──────── Recorded information

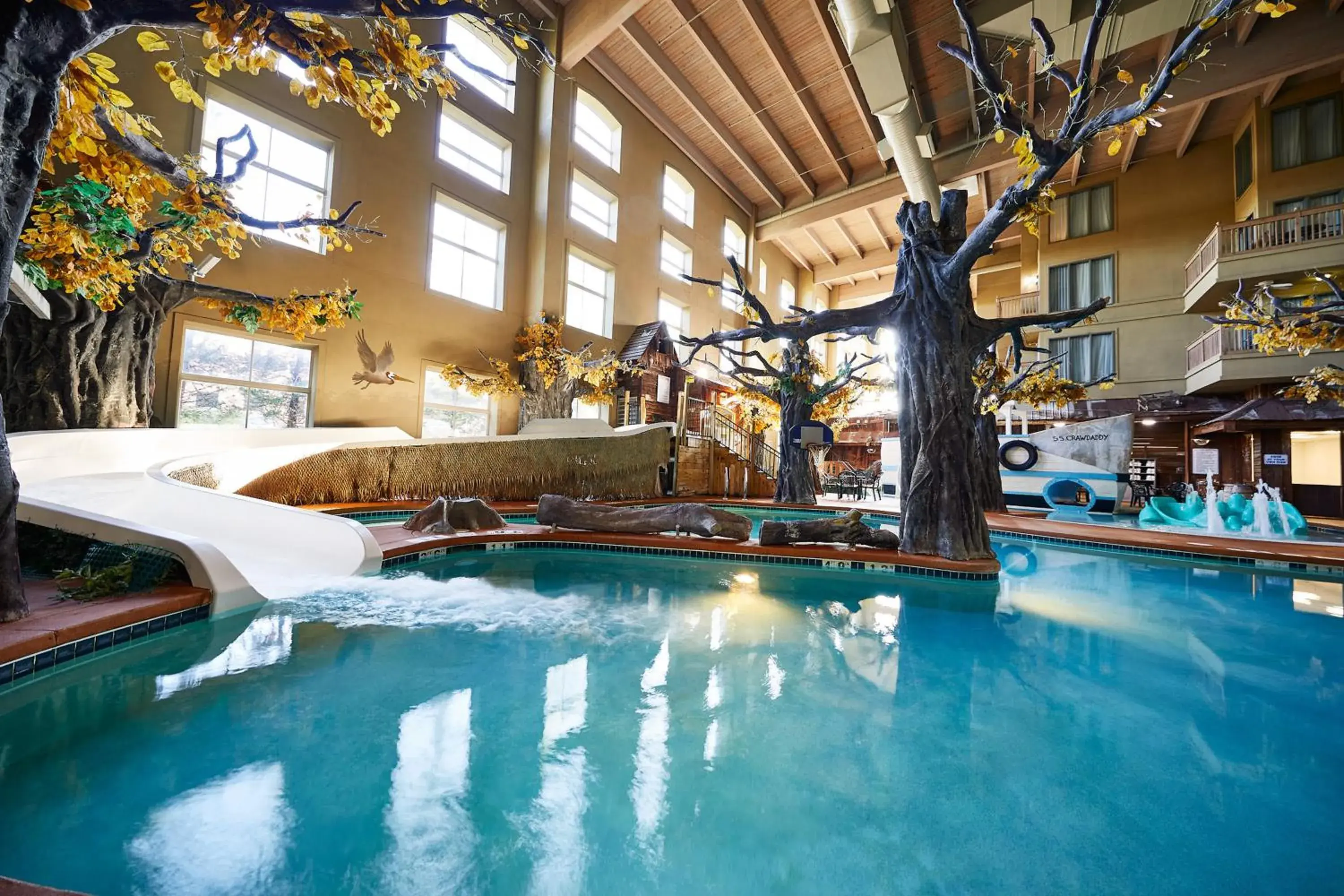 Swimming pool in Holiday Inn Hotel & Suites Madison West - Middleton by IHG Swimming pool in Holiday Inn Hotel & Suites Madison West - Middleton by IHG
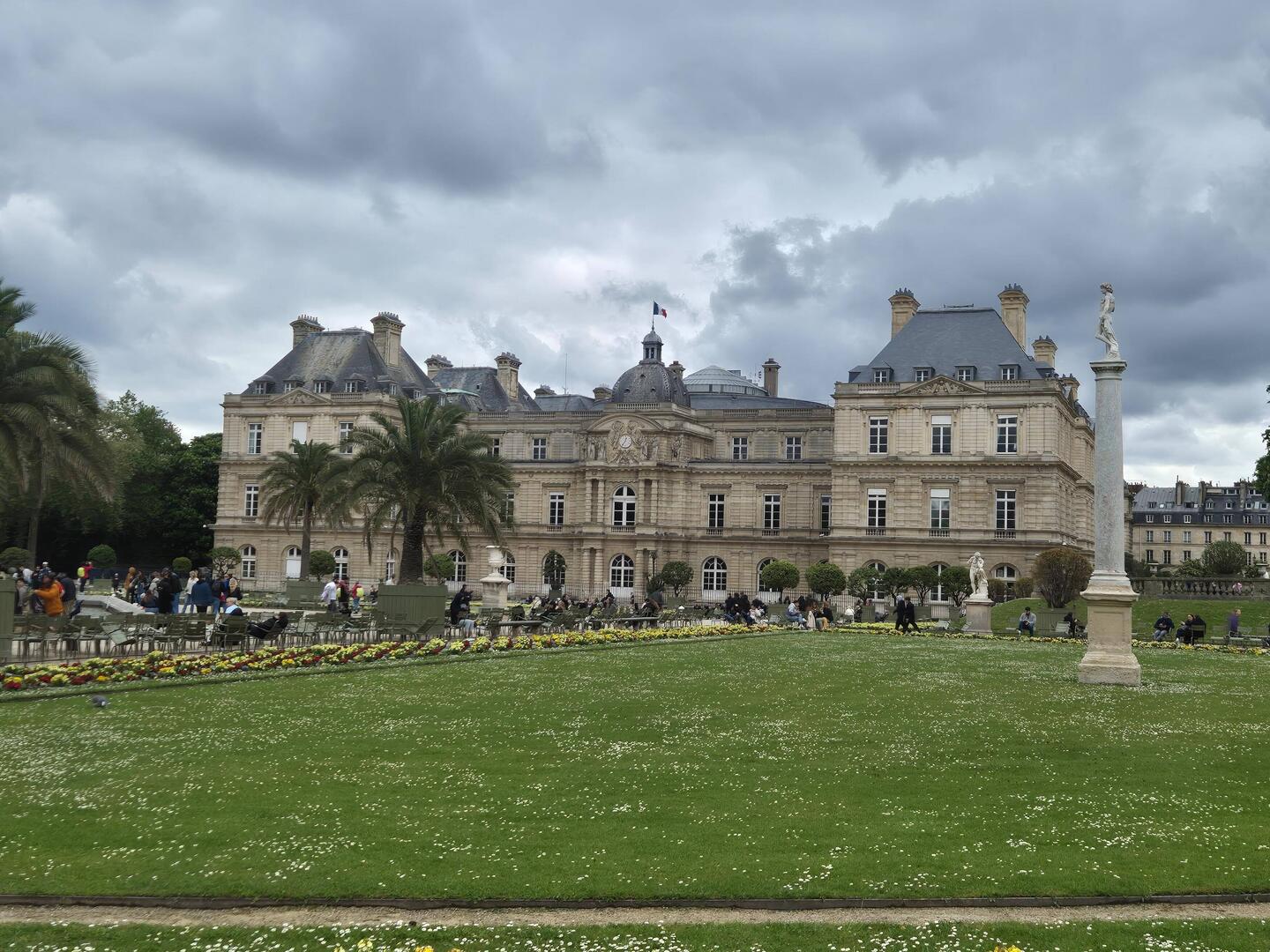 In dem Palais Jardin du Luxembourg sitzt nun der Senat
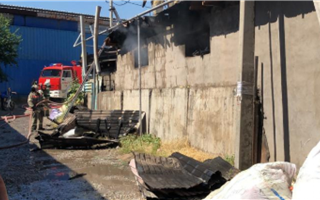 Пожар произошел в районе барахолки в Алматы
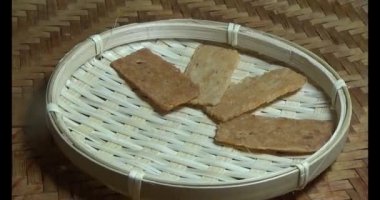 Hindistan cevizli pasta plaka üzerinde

────────────────

*Work item:* Retype, exactly as written, each line from the one containing "Пожар произошел в районе барахолки в Алматы" through the end of the data above, and leave out every picture.

*Answer box:*
 Пожар произошел в районе барахолки в Алматы
 Hindistan cevizli pasta plaka üzerinde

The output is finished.